結論:著作権法だけでは止められない可能性が高く、契約条項が唯一の実務的な手段です
① 著作権法30条の4により、学習利用は原則として許容されている
日本の著作権法30条の4は、著作物を「享受目的」ではなく情報解析などに利用する場合、著作権者の許諾なく使用できると定めています。生成AIの学習データとしての利用はこの規定の典型例とされており、日本が「AI学習パラダイス」と呼ばれる背景にもなっています。

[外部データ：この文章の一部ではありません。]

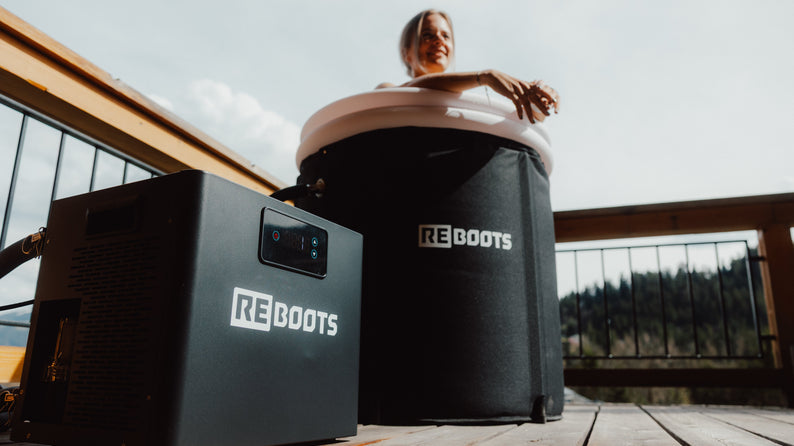 Frau genießt Kältebad im Reboots Ice Tub auf einer Sonnenterrasse – effektive Regeneration mit dem Reboots Ice Chiller für Muskelkühlung und Erholung nach dem Training.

そのため、クリエイターが著作権者であっても、クライアントがこの要件を満たす形で学習利用を行う場合、著作権上の権利だけでは止めることができないのが現状です(ただし、著作権者の利益を不当に害する場合は例外とされています)。
② 「同様の動画を出力させる目的」なら話は別
もっとも、クライアントが「納品動画に似た映像をAIに生成させるため」に学習利用しようとしている場合、それは「享受目的」に該当し得ます。この場合は30条の4の適用外となり、著作権侵害を主張できる可能性があります。実務上、このような目的での学習利用はさほど多くないと思われますが、念頭に置いておくべき論点です。
③ 契約条項による学習利用禁止が実務上の有効な手段
著作権法の規定にかかわらず、当事者間の契約で「AI学習への利用を禁止する」旨を定めることができます。これにより、仮に著作権法上の主張が難しい場面でも、契約上の債務不履行として法的請求を行う根拠を確保できます。
ここで生じる論点が「著作権法30条の4は契約で排除できるか(任意規定性の問題)」です。平たく言えば、「法律が認めた学習OKのルールを、当事者間の契約で『うちのデータは除外』と定めることができるのか」という問いです。現在は契約による学習禁止を有効とする見解が主流ですが、すべての場合に認められるかは今後の議論・判例の蓄積が待たれる分野です。
④ 納品済みで契約書に何も書いていない場合は?
すでに納品が完了しており、契約書に学習利用に関する定めがない場合、著作権上の根拠がない限り事後的に禁止することは困難です。ただし、クライアントが「同様の映像を生成させる目的」での利用を意図しているなら、享受目的として著作権侵害を主張できる余地があります。
今後のトラブルを防ぐためにも、新規の受注契約には「AI学習利用禁止条項」を盛り込んでおくことを強く推奨します。